Board of Trustees
2004 Board Election
Candidates
Organization member candidate: Stephen Squires
Personal Statement
The Internet has become
a global phenomenon but the Internet Society is not
the first organization that most people think of as a critical Internet
resource. The society has not yet made the transition from an organization
that serves mainly the technical community and early adopters to an
organization that is capable of scaling to serve all the people who use
the
Internet or aspire to use it and those beyond the digital divide who may
not
even be aware of it. The Internet Society needs to transform into an
organization for all the People of Cyber Space and provide effective ways
to
engage progressively wider diversities of people in the process of
continuing advance of the frontier while reducing the digital divide.
Achieving the goal
of having the Internet Society recognized everywhere is
to have an educational mission focused on reducing barriers to learn about
and access the Internet. Organizations throughout the global Internet
community need to reach out to their local communities and leverage the
resources to educate and enable access for future generations. Reducing
the
digital divide should be viewed as an Internet Society Community Service
critical to bringing the power of IT to all the People.
Cyber Security has
become an international issue. The Internet has grown faster then the
ability to effectively resolve the security issues as evidenced by the
geometric growth of the "CERT Curves" (the continued increase
in vulnerabilities and incidents). This is a threat to the continued development
and growth of the Internet itself. Cyber Security needs to be given a
high priority by Internet Society in all aspects of its mission.
Biography: Stephen
L Squires, PhD
Hewlett-Packard Company
Vice President
Chief Science Officer
Stephen L. Squires
is vice president and chief science officer for Hewlett-Packard Company.
He is responsible for providing leadership in establishing overall strategic
scientific and technical directions, including the architecture of the
digital renaissance for the 21st century Internet.
Prior to joining HP
in November 2000, Squires was the special assistant for Information Technology
to the director of the Defense Advanced Research Projects Agency (DARPA).
During his career at DARPA, he was responsible for advancing the frontier
of progressively larger sectors of information technology. He developed
plans for, managed, and directed the scalable systems parts of the DARPA
Strategic Computing Program, the Federal High Performance Computing and
Communications Program and its extension to the National Information Infrastructure.

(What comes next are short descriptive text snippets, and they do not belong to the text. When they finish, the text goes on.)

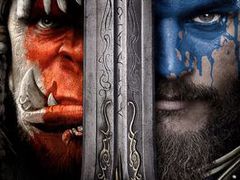 Watch the brand new Warcraft movie trailer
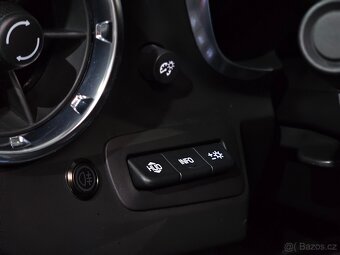 Chevrolet Camaro, SS 6.2 V8 339kW ZL1 paket - 9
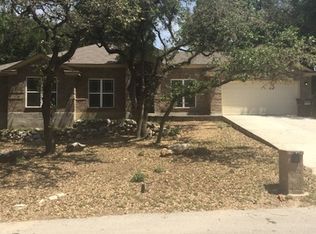 1827 Poppy Peak St, San Antonio, TX 78232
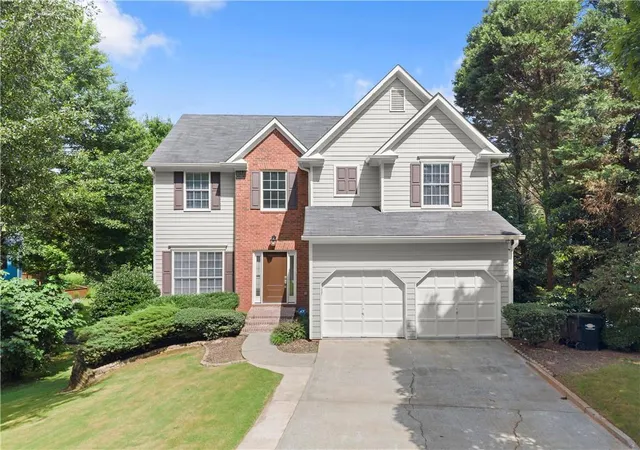 2nd image of 4256 Glenlake Pkwy Nw, Kennesaw, GA 30144 | MLS# 7793414
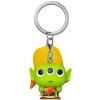 Russell (Toy Story Alien remix) Pocket Pop Keychain (Funko)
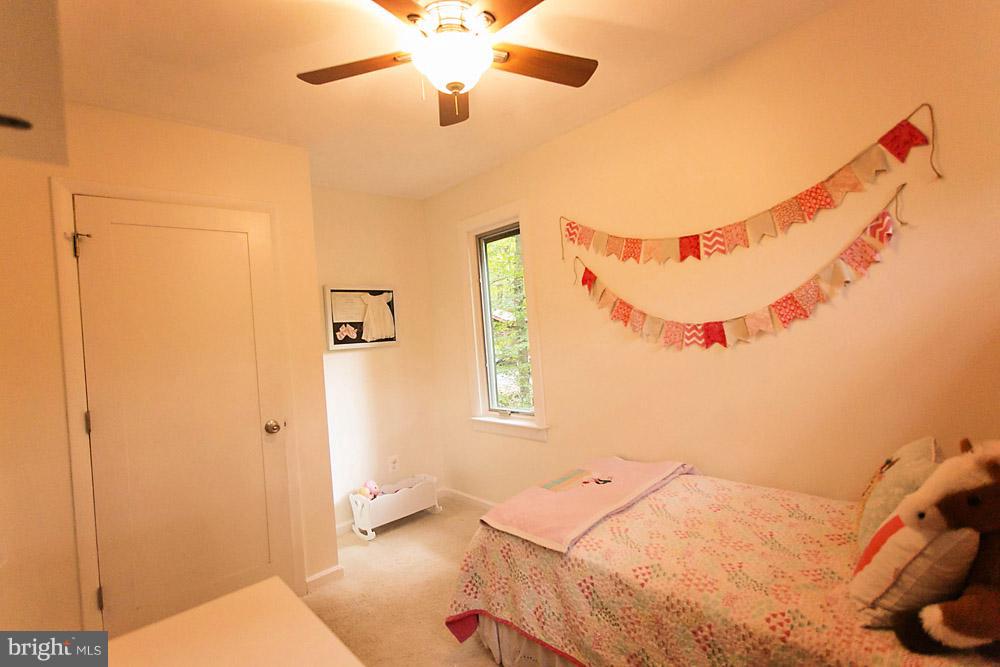 OCCOQUAN FOREST - Residential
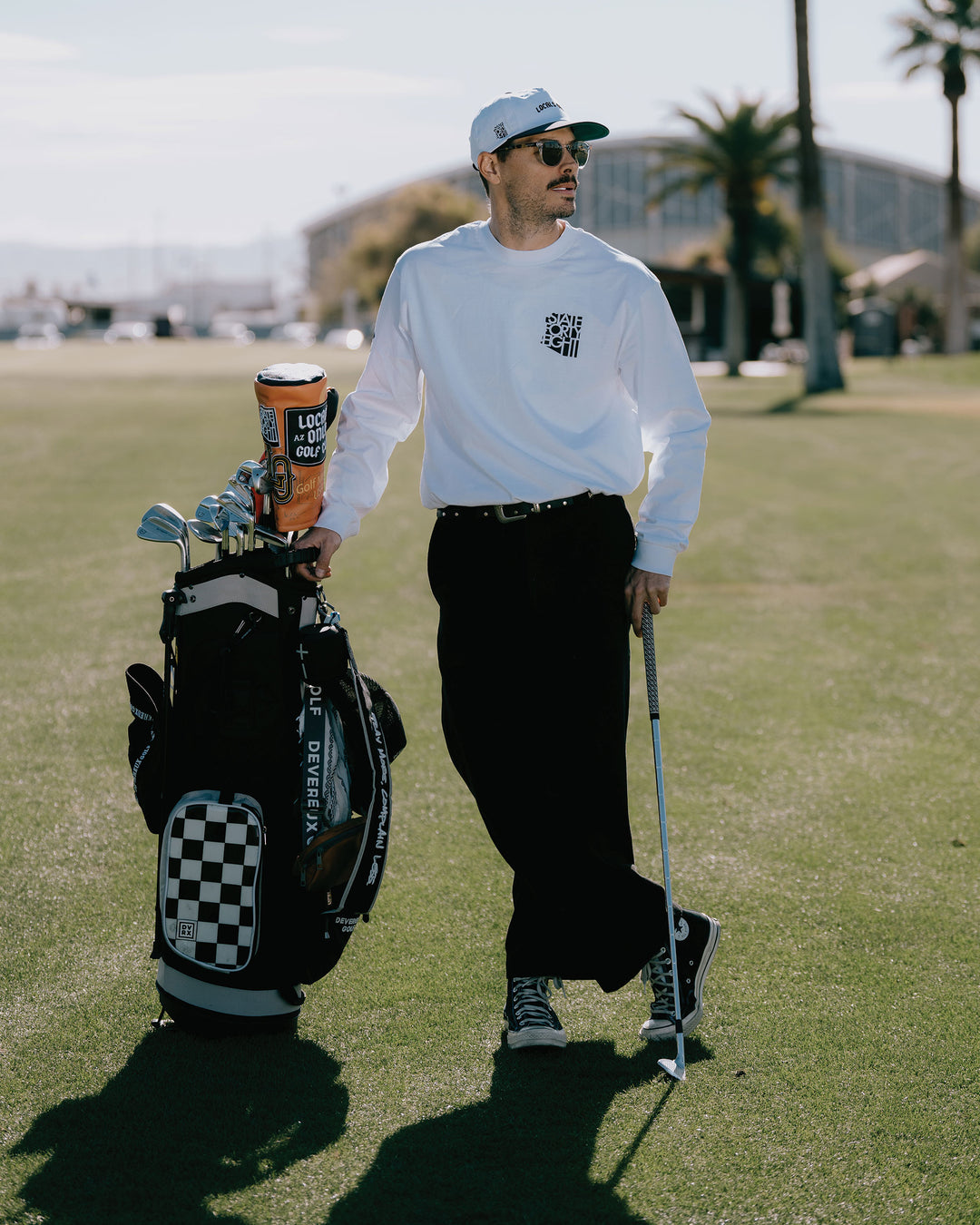 DEVEREUX ゴルフウェア DEVEREUX JAPAN OFFICIAL ONLINE STORE | デヴァロージャパン公式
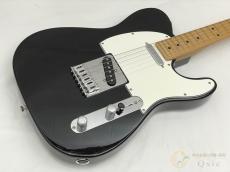 Fender Player II Telecaster MN BLK 【返品OK】[SMN70]【梅田店在庫】
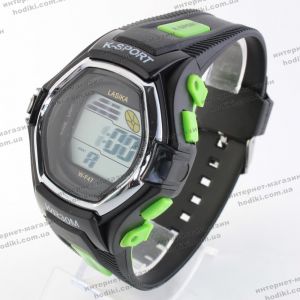 Наручний годинник Lasika K-Sport (код 16975)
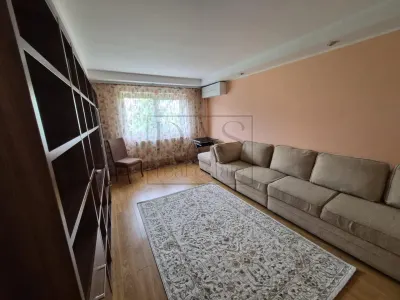 Apartament 3 camere | Baneasa - Herastrau | Centrala proprie - foto 2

These programs are recognized as having helped enable the modern Internet,
including its scalable parallel and distributed high-performance computing
systems and the introduction of an explicit service layer. He joined DARPA
in 1983 as a program manager.
Squires was recruited
by the National Security Agency (NSA) as a freshman undergraduate electrical
engineering student at Drexel University. He worked as an engineering
intern in the advanced computing and communications laboratories of the
NSA. Throughout his career as an electrical engineer and computer scientist
at NSA, he focused on the most challenging national security problems
using advanced information technologies. In addition, he had early access
at NSA to the full range of advanced technologies as they emerged, including
many in cooperation with DARPA, such as early interactive time sharing
systems with graphics, UNIX, ARPAnet, extensible programming systems,
local area networks, the early Internet, personal computing, VLSI design,
rapid prototyping and the highest performance information system technologies.
Squires earned his
Ph.D. from Harvard University. He grew up in suburban Philadelphia where
he spent most of his time discovering how things worked and inventing
in his parents' garage and his own basement laboratory complete with a
vacuum tube voltmeter, signal generators, an oscilloscope and a collection
of transistors. He also had access to the laboratories of the Franklin
Institute Science Museum, universities and industry as vice president
of his high school's Future Scientists of America program.